> EXERCISE DESCRIPTION: Reproduce verbatim the lines of the material below, starting at the line with "da Diritti Ragazza" and ending at the line with "Blue and Ivory Tufted Wool 4' x 6' Area Rug", both inclusive; skip the rest.

> THE DATA:

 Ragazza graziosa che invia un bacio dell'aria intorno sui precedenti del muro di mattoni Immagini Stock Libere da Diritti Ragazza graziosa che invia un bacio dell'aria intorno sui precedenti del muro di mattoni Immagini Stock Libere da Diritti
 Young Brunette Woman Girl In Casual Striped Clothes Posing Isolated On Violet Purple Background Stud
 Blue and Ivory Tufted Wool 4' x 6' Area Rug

* * *

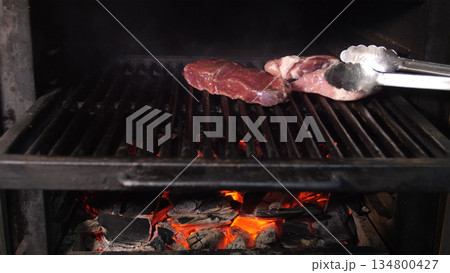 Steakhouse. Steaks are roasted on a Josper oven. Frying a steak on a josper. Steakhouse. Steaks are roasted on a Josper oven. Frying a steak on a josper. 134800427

> SOLUTION TO THE PROBLEM:
 Ragazza graziosa che invia un bacio dell'aria intorno sui precedenti del muro di mattoni Immagini Stock Libere da Diritti Ragazza graziosa che invia un bacio dell'aria intorno sui precedenti del muro di mattoni Immagini Stock Libere da Diritti
 Young Brunette Woman Girl In Casual Striped Clothes Posing Isolated On Violet Purple Background Stud
 Blue and Ivory Tufted Wool 4' x 6' Area Rug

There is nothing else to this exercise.